**The task**.
Print the data exactly. Omit the pictures.

**Records provided**.

Start of Block

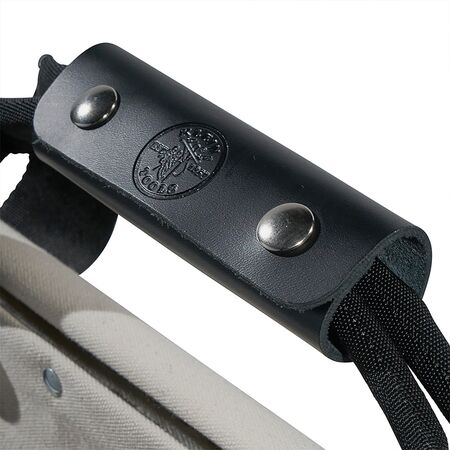 Tool Bag, Canvas with Leather Bottom, 15 Pockets, 50.8 cm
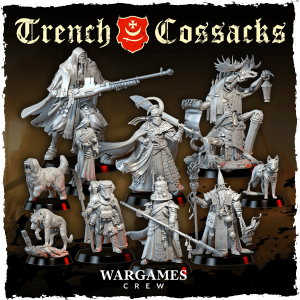 TRENCH COSSACKS ZHOLDAK MERCENARY PACK x10 models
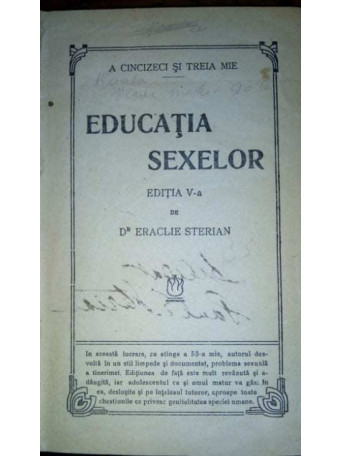 Educatia sexelor, editia a 5a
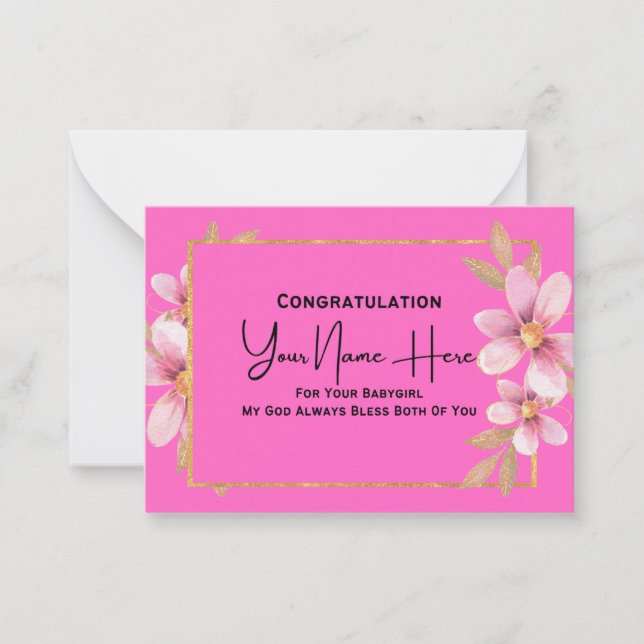 Congratulations baby shower cards. card (Front)
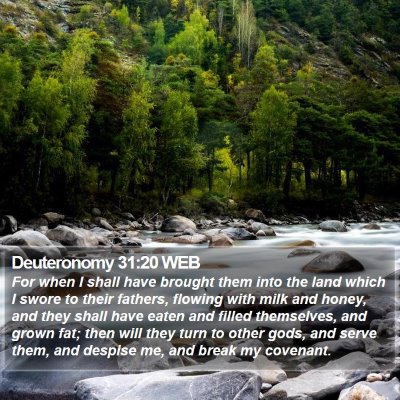 Deuteronomy 31:20 WEB Bible Verse Image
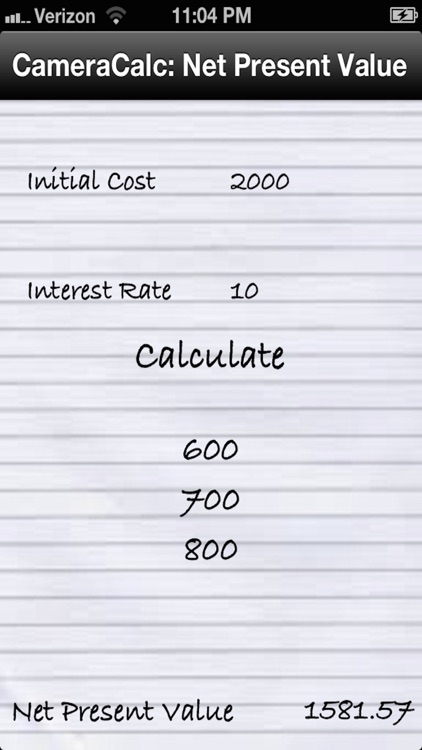Net Present Value (NPV) Financial Calculator screenshot-3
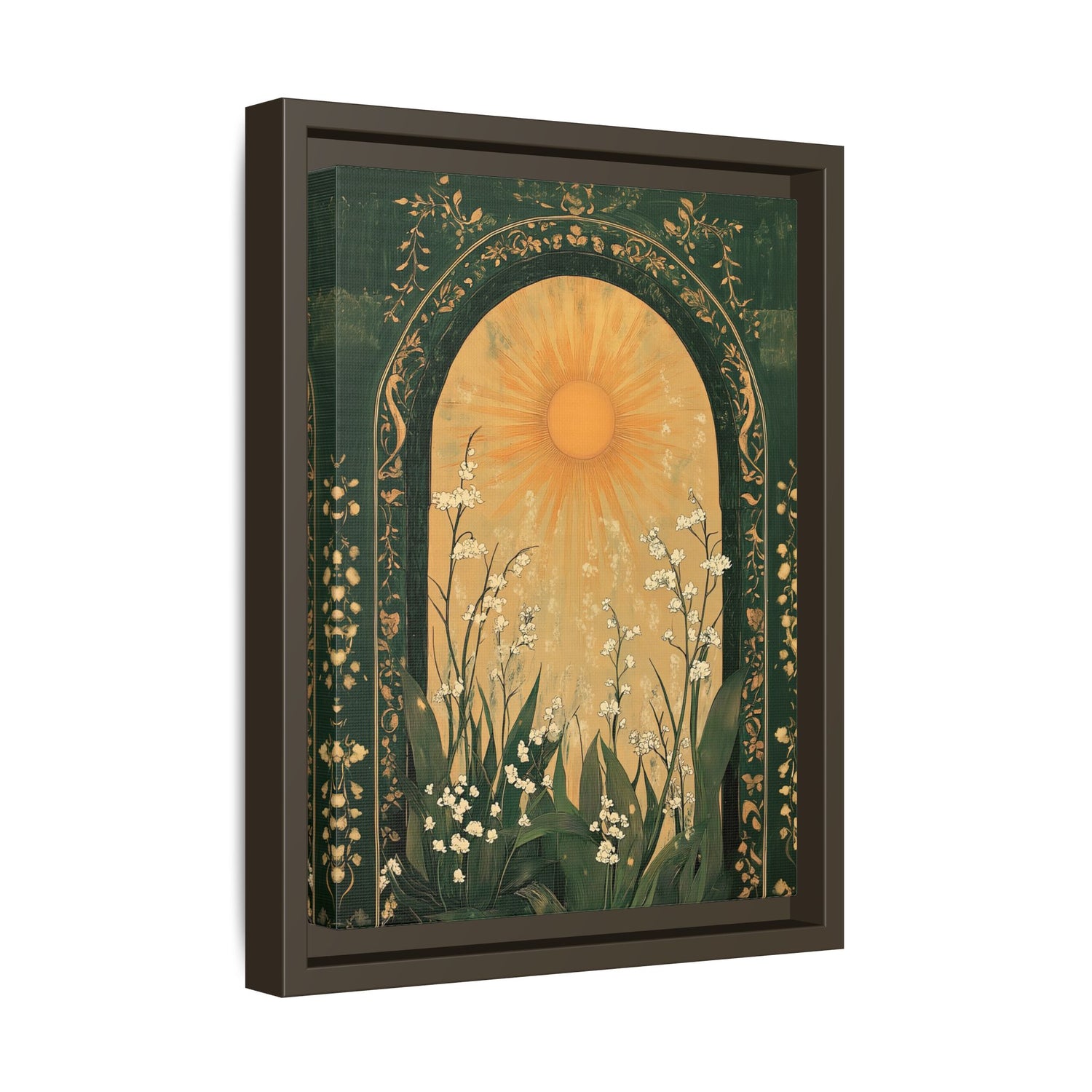 Framed Canvas - Lily of the Valley Archway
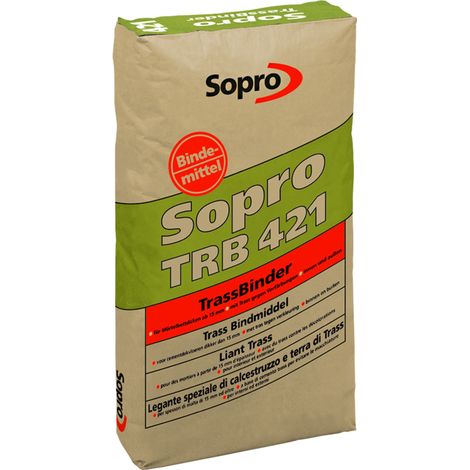 Liant ciment pour mortier spécial pierre naturelle - Sopro TRB 421 - 25 kg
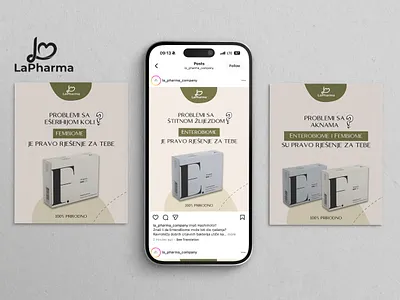 LaPharma social media post design adobe photoshop design graphic design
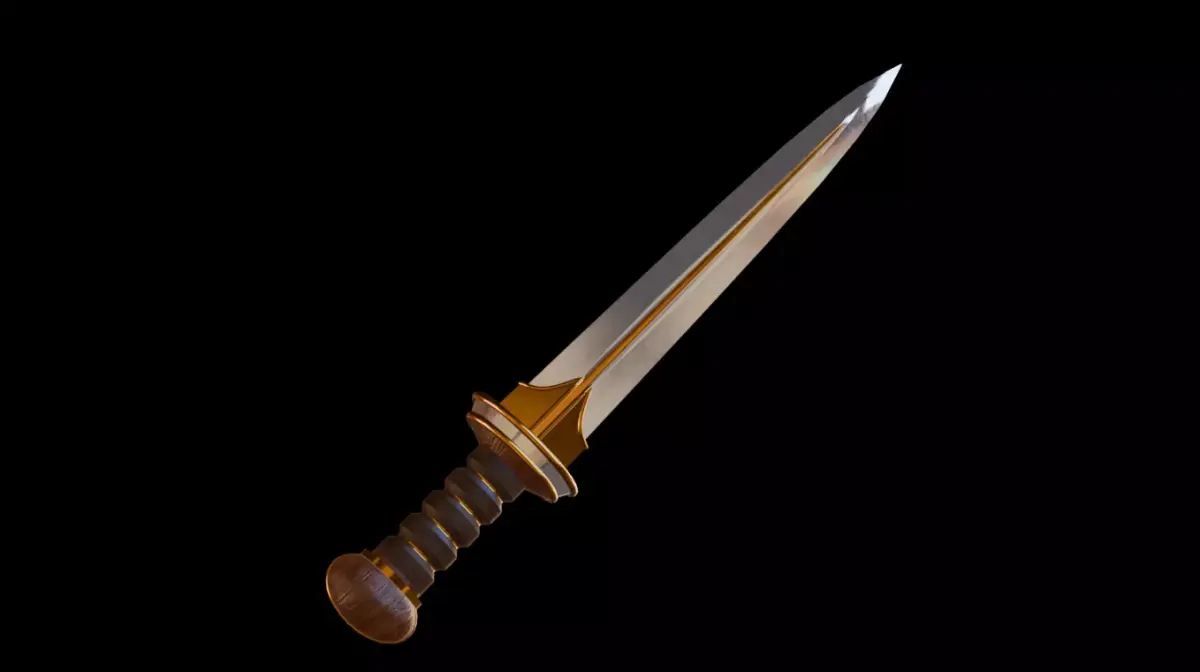 Fantasy Gladius  Low-poly 3D model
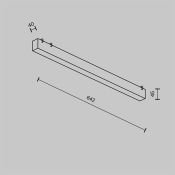 Светильник Белый дневной 24W Базис/Basis Parity 120deg TR129B-24W4K-B подвесной для текстильной системы черный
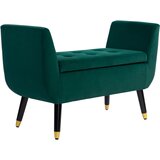 HOMCOM sedežna klop poliester, pena 107Š x 42G x 65V cm Zelena, (5000242499) | Shoptok.si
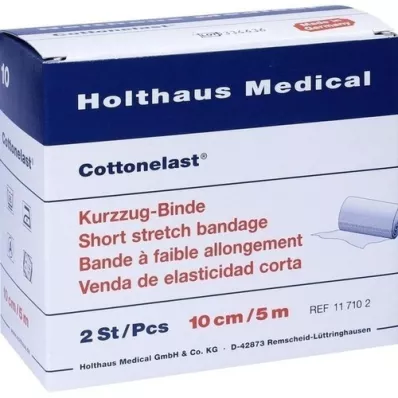 KURZZUGBINDE Coton élastique 10 cmx5 m, 2 pièces KURZZUGBINDE Coton élastique 10 cmx5 m, 2 pièces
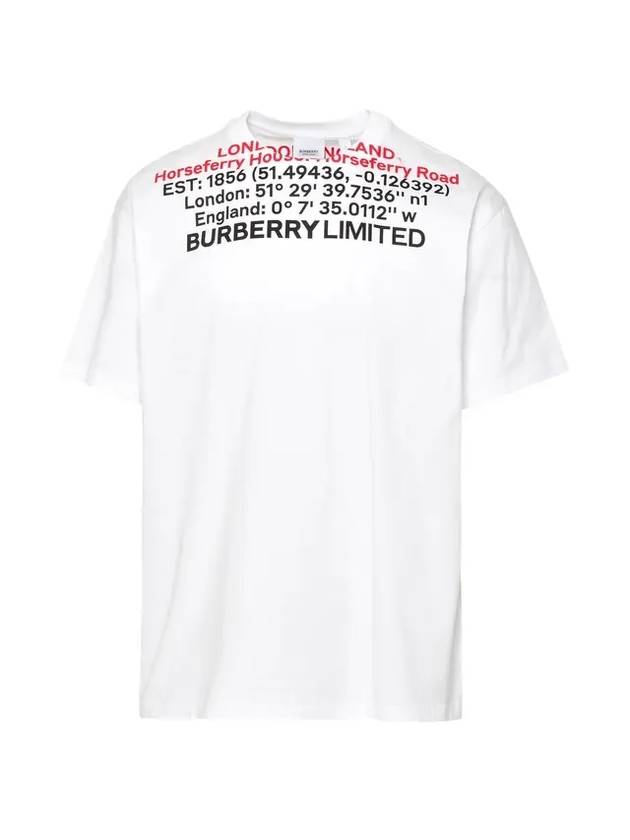 Burberry Location Short Sleeve T-Shirt White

End of Block

**Output of the task**.
 Tool Bag, Canvas with Leather Bottom, 15 Pockets, 50.8 cm
 TRENCH COSSACKS ZHOLDAK MERCENARY PACK x10 models
 Educatia sexelor, editia a 5a
 Congratulations baby shower cards. card (Front)
 Deuteronomy 31:20 WEB Bible Verse Image
Net Present Value (NPV) Financial Calculator screenshot-3
 Framed Canvas - Lily of the Valley Archway
 Liant ciment pour mortier spécial pierre naturelle - Sopro TRB 421 - 25 kg
 LaPharma social media post design adobe photoshop design graphic design
 Fantasy Gladius  Low-poly 3D model
 Светильник Белый дневной 24W Базис/Basis Parity 120deg TR129B-24W4K-B подвесной для текстильной системы черный
 HOMCOM sedežna klop poliester, pena 107Š x 42G x 65V cm Zelena, (5000242499) | Shoptok.si
 KURZZUGBINDE Coton élastique 10 cmx5 m, 2 pièces KURZZUGBINDE Coton élastique 10 cmx5 m, 2 pièces
 Burberry Location Short Sleeve T-Shirt White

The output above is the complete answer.